The story of Rama had been quite popular in the country from the time immemorial, far earlier than the sage Valmiki, who, at the advice of Narada knitted the fragments of the story; which were so popularly carried from father to son, in the then prevailing Indian tradition. Thus was the practice followed in respect of the Vedic hymns as well, which were carried on by the pupils from their teachers? But this oral tradition was quite popular and authentic and there was hardly any possibility of any error in such recitations of the Vedic hymns by the teachers and those who received them from their gurus. But these Vedic hymns though were composed in the form of various metres, but could not take the form of verses. These passages had the sanctity of being the hymns which represented the divine voice, which were believed to have been recited by Brahma from his four mouths for the benefit of the sages and other people.

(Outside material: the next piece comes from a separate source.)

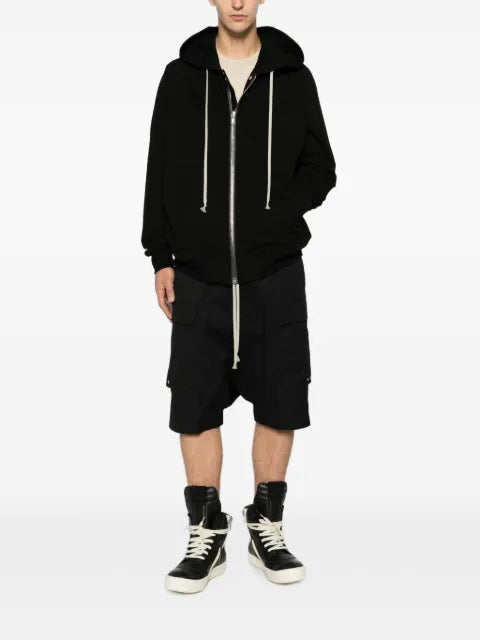 Rick Owens Tower windbreaker in black heavy jersey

But the credit of composing the first Sanskrit verse goes. to the sage Valmiki, who, though initially was a robber and earned his living by robbing and killing others, had to face a turmoil in his life, when he was forced to disown the evil ways and take to the adoration of Rama, though clandestinely. But still he became so devoted to the path of celibacy under the advice of Brahma that the killer in him completely vanished leaving the space for celibacy and devotion. Surprisingly, Ratnakara (Valmiki) who was awfully cruel and killed people almost daily, mercilessly, the same Ratnakara, becoming Valmiki, was so moved at the killing of one of the pair of the Krauñca birds, that he pronounced a curse on the hunter, thus Thus the sage unconsciously uttered a passage, which was later recognised to be the first Sanskrit verse.